Delia Salter Bacon (February 2, 1811 – September 2, 1859) was an American writer of plays and short stories and Shakespeare scholar. She is best known for her work on the authorship of Shakespeare's plays, which she attributed to social reformers including Francis Bacon, Sir Walter Raleigh and others.

Bacon's research in Boston, New York, and London led to the publication of her major work on the subject, The Philosophy of the Plays of Shakspere Unfolded. Her admirers included authors Harriet Beecher Stowe, Nathaniel Hawthorne and Ralph Waldo Emerson, the last of whom called her "America's greatest literary producer of the past ten years" at the time of her death.

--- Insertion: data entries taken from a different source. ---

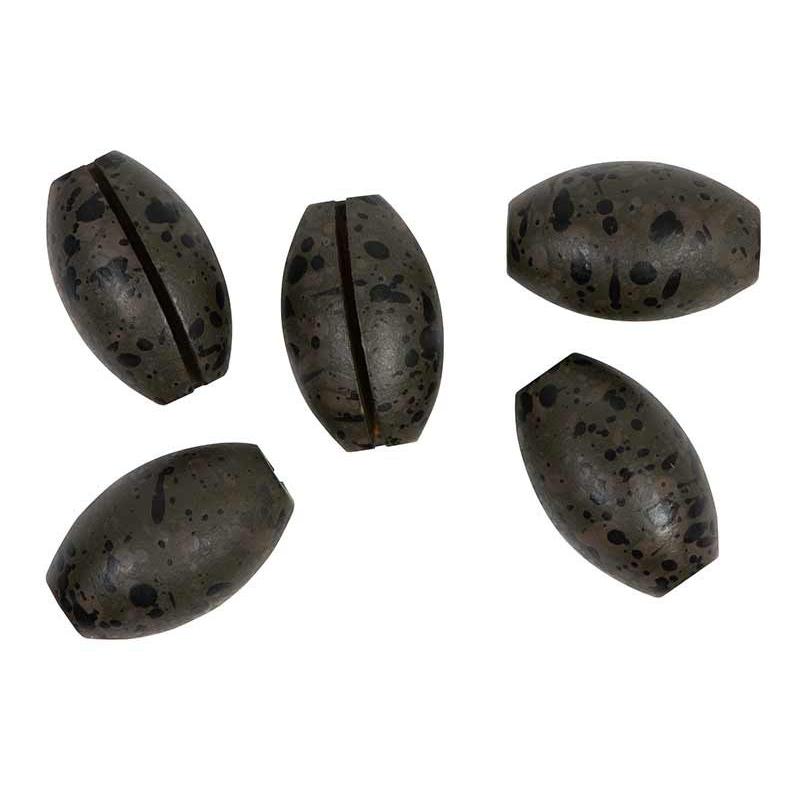 Fox Rage Predator Camo Deadbait Pop-Up Weights 5g x 5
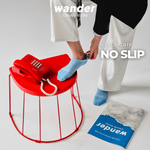 Wander Cloudy Socks - Wander Global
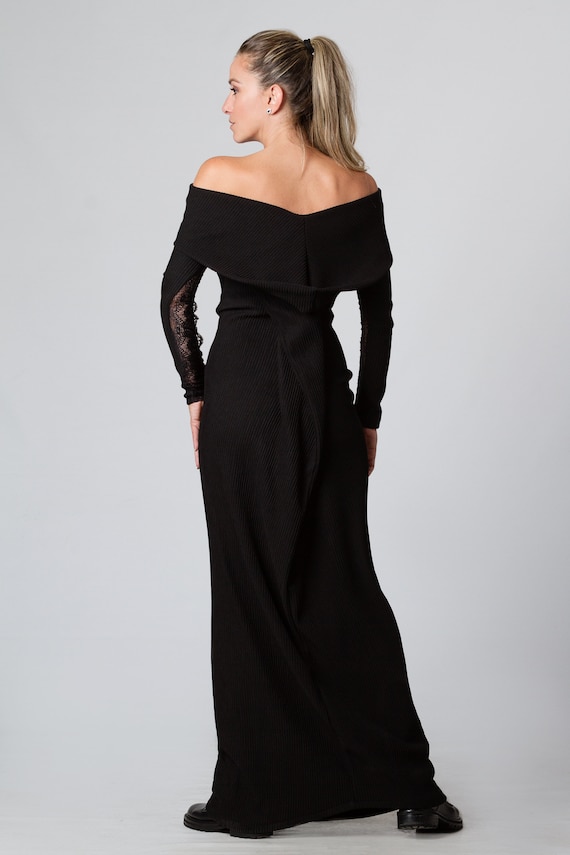 Black Formal Dress
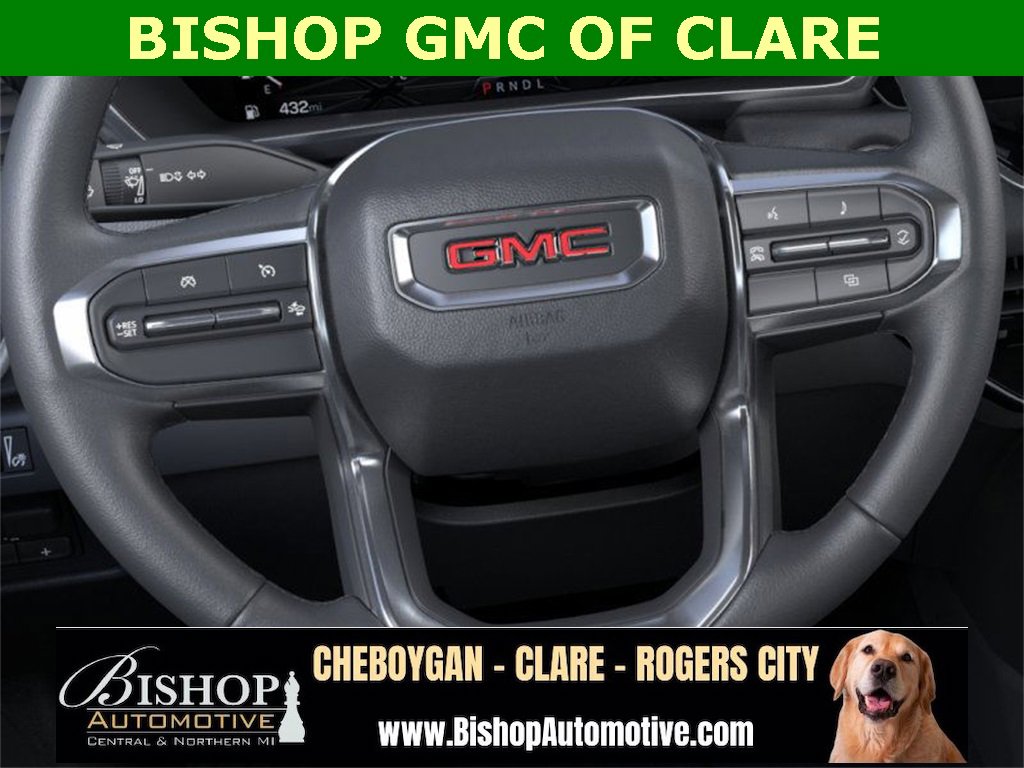 2026 Gmc Canyon Elevation photo 16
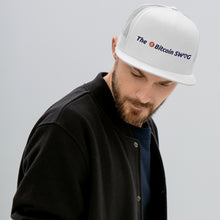 Load image into Gallery viewer, The Bitcoin Swag Trucker Cap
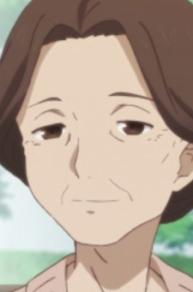 Rei's Mother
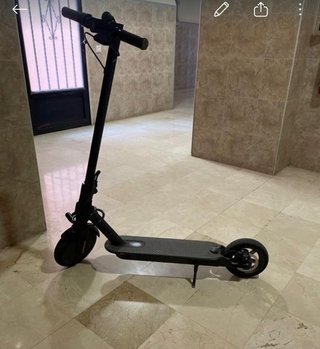 Patinete Eléctrico Xiaomi Negro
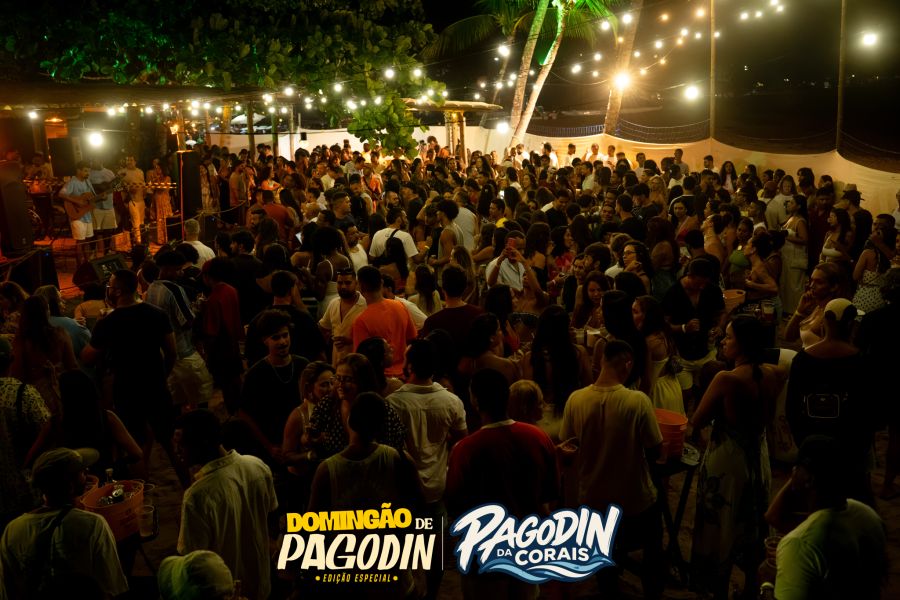 Domingão de Pagodin - Foto 85
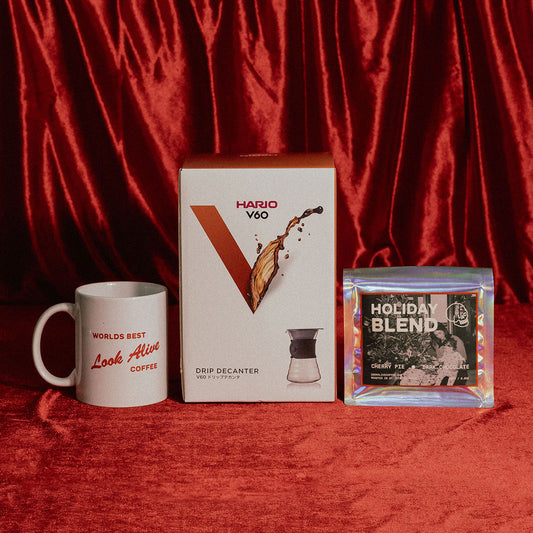 Bundle (Hario V60, Coffee, Mug)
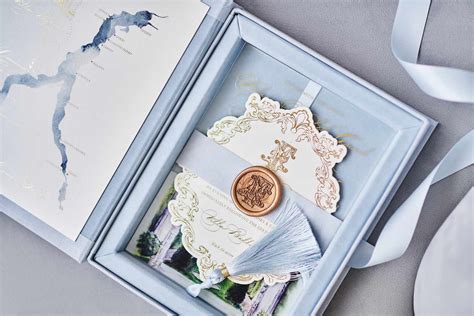 Box Invitation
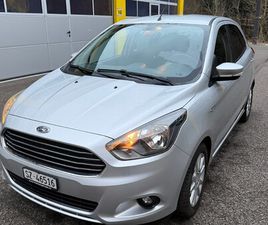 KA+ 1.2 TI-VCT COOL&SOUND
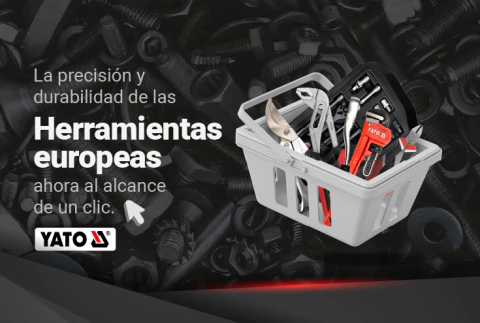 Banner de Yato Herramientas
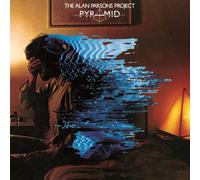 The Alan Parsons Project Pyramid (Vinyl LP) 12" Album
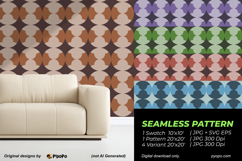 Rustic Mirror Pattern Product Image 2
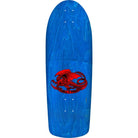 Powell Peralta OG Ripper Checker Reissue Skateboard Deck Blue Veneer - 10 x 30 - SkateTillDeath.com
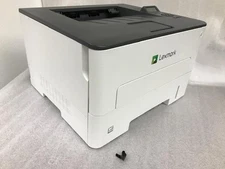 SEE PICS! Lexmark B2236dw Monochrome 36ppm Wireless Laser Printer 18M0100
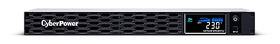 Záložní zdroj CyberPower PFC SineWave LCD GP 700VA/420W, 1U, Rack, hl. 230 mm černý

 obrázek produktu 1 z 2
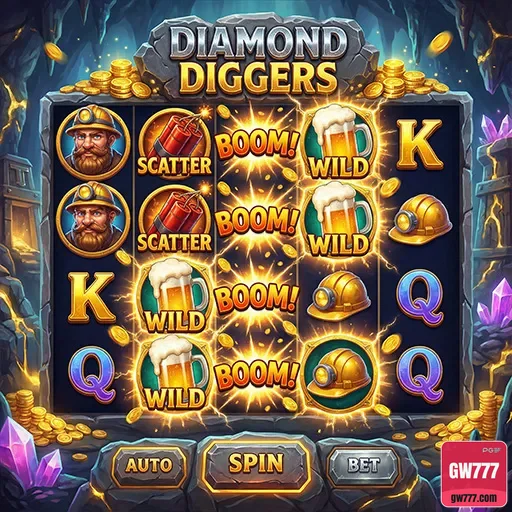 gw777 - inovadores jogos de mesa - Melhores Slots Online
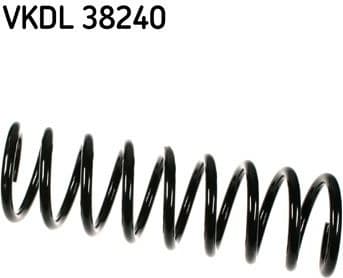 Suspension Spring VKDL38240
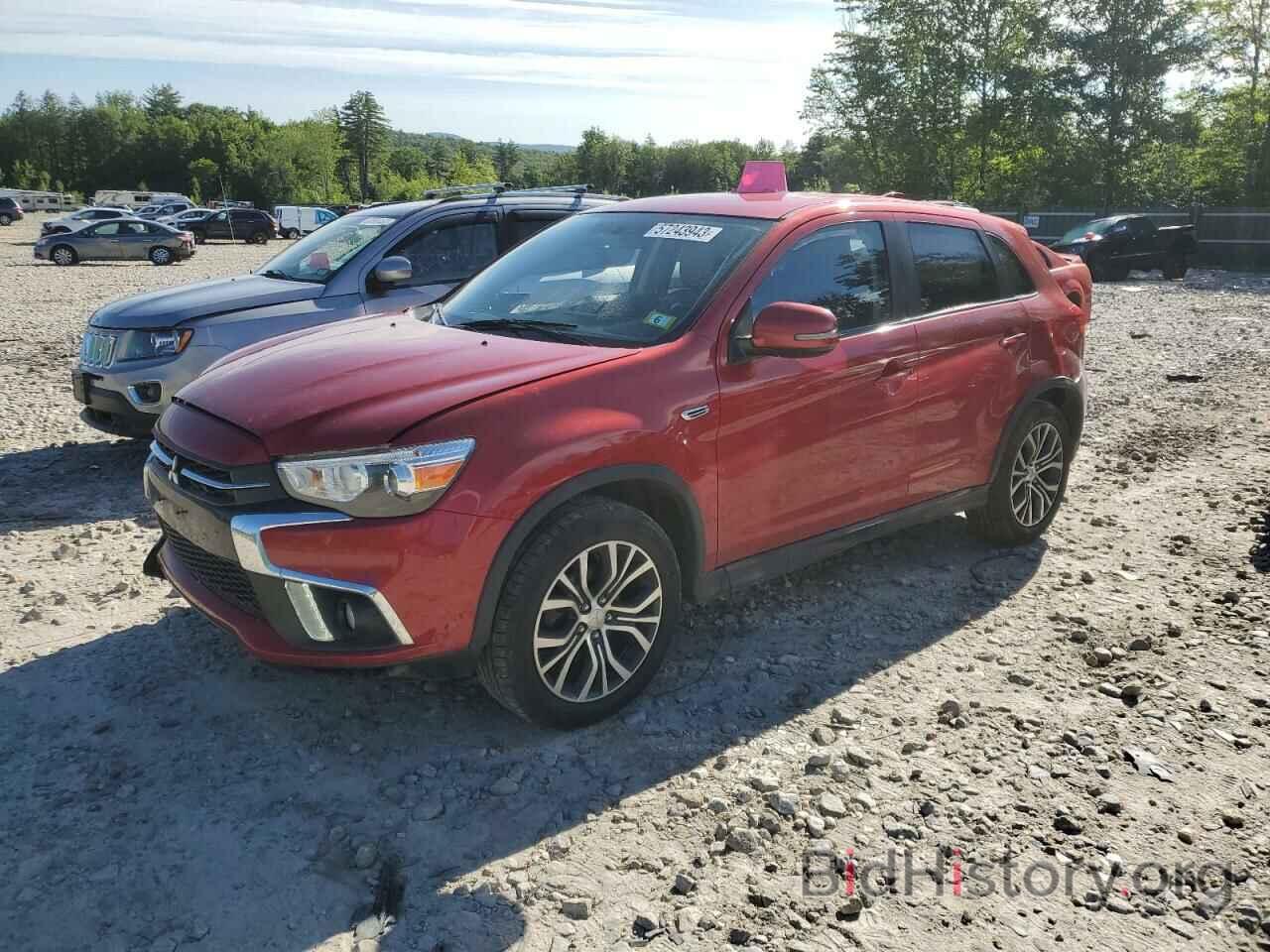 Photo JA4AR3AW2JU013111 - MITSUBISHI OUTLANDER 2018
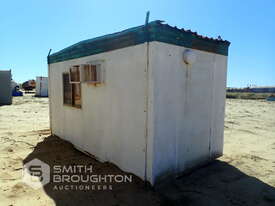 TRANSPORTABLE SITE OFFICE - picture1' - Click to enlarge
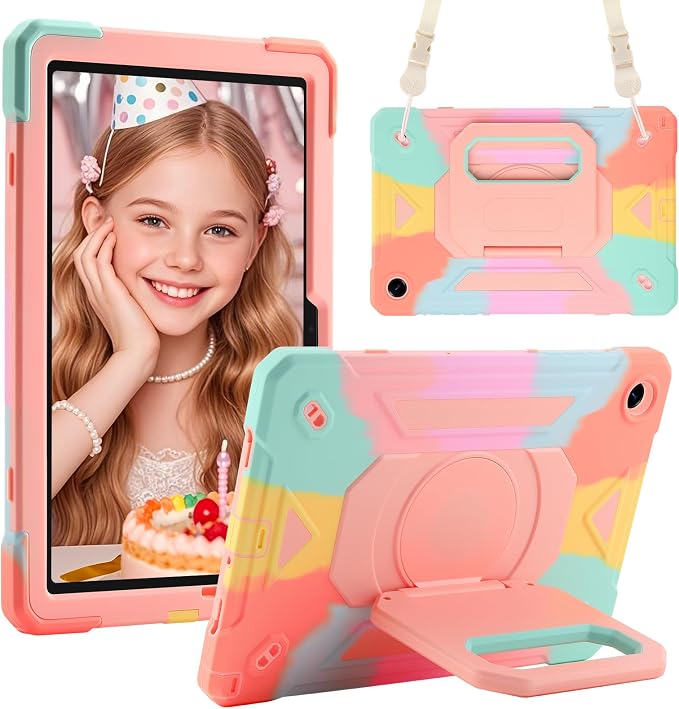 Rainbow Pink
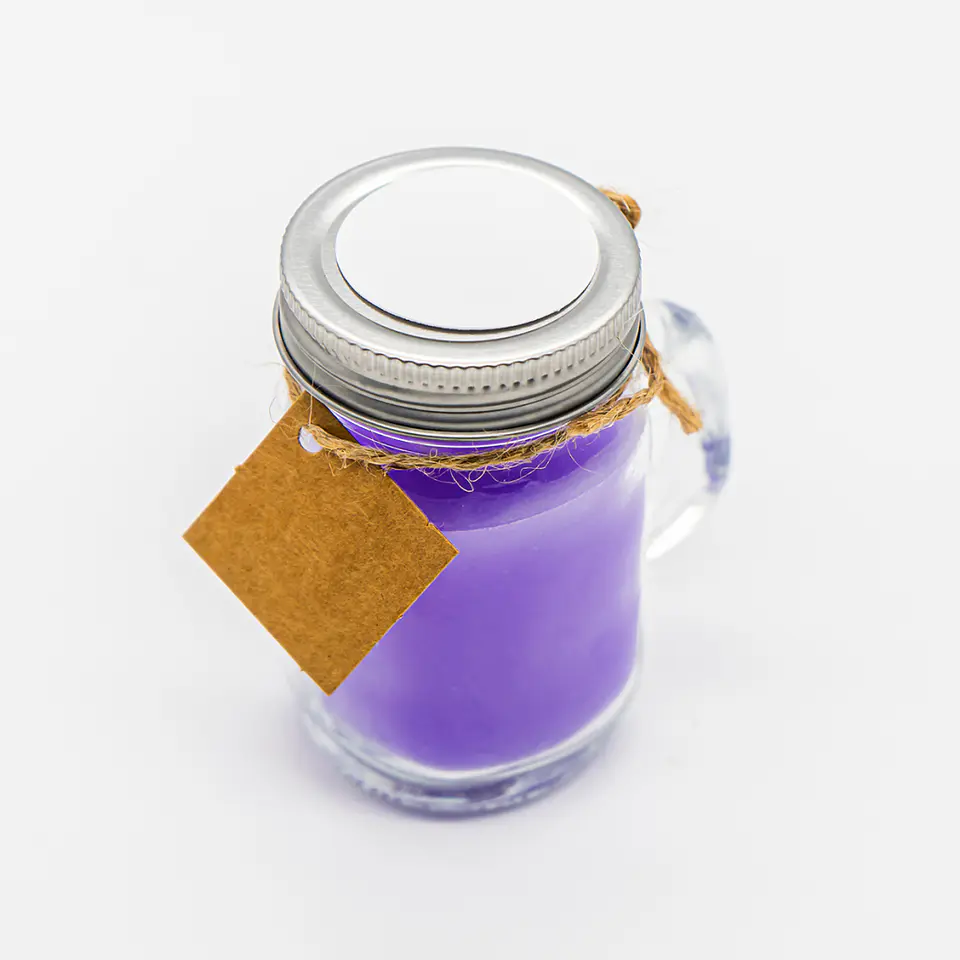Velas Aromáticas Personalizadas ( Candles ) 3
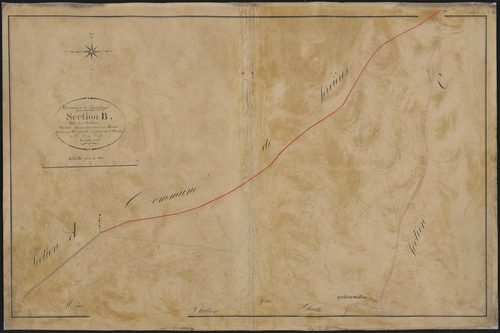 Section B1 de Valeins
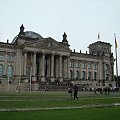 znowu kolejka... (Reichstag)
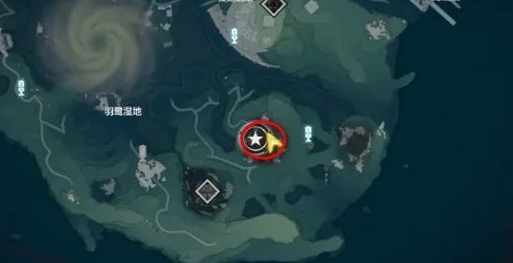 鸣潮红名boss地点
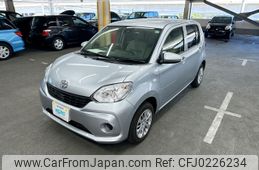 toyota passo 2017 AF-M700A-0060687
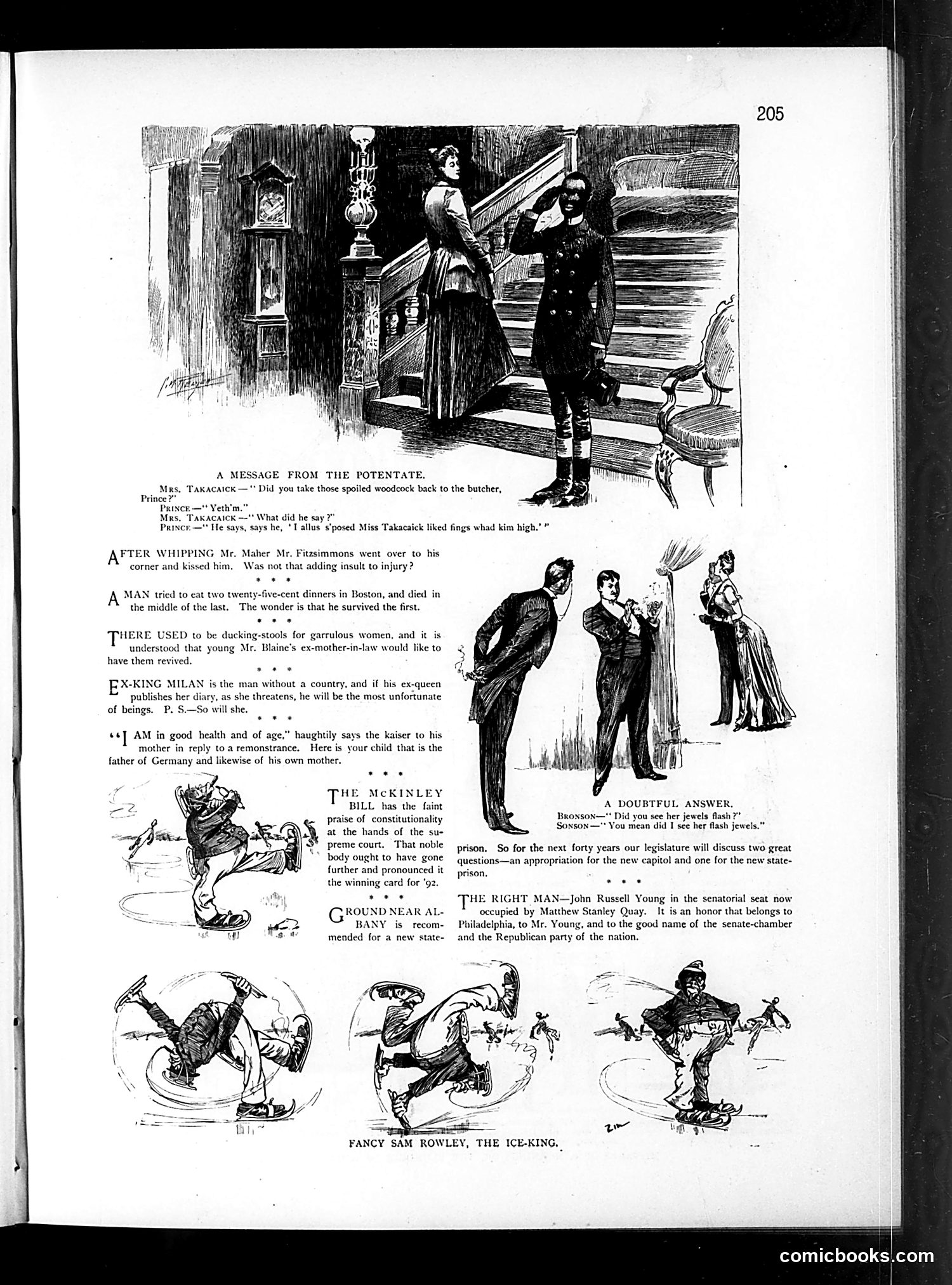 Judge — March 26, 1892 — page 3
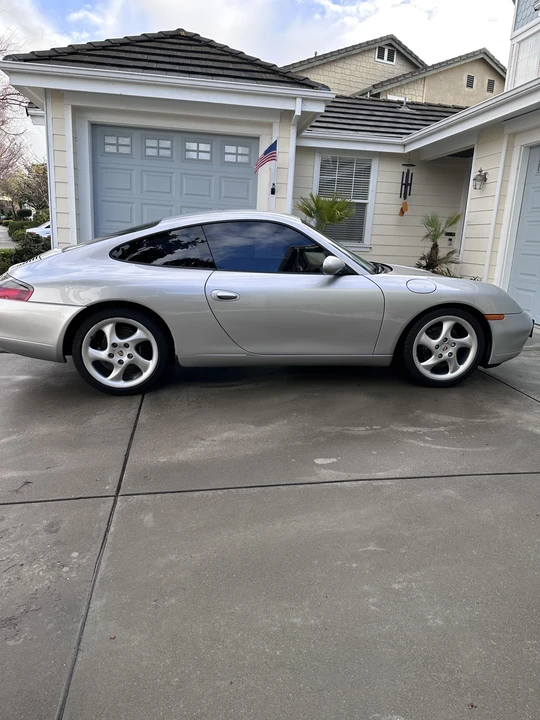 1999 Porsche 996 Carrera - Image 14 of 31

Bacon was born in a frontier log cabin in Tallmadge, Ohio, the youngest daughter of a Congregationalist minister, who in pursuit of a vision, had abandoned New Haven for the wilds of Ohio. The venture quickly collapsed, and the family returned to New England, where her father died soon after. The impoverished state of their finances permitted only her elder brother Leonard to receive a tertiary education, at Yale, while her own formal education ended when she was fourteen. She became a teacher in schools in Connecticut, New Jersey, and New York, and then, until about 1852, became a distinguished professional lecturer, conducting, in various Eastern United States cities, classes for women in history and literature by methods she devised. At 20, in 1831, she published her first book, Tales of the Puritans anonymously, consisting of three long stories on colonial life. In 1832, she beat Edgar Allan Poe for a short-story prize sponsored by the Philadelphia Saturday Courier.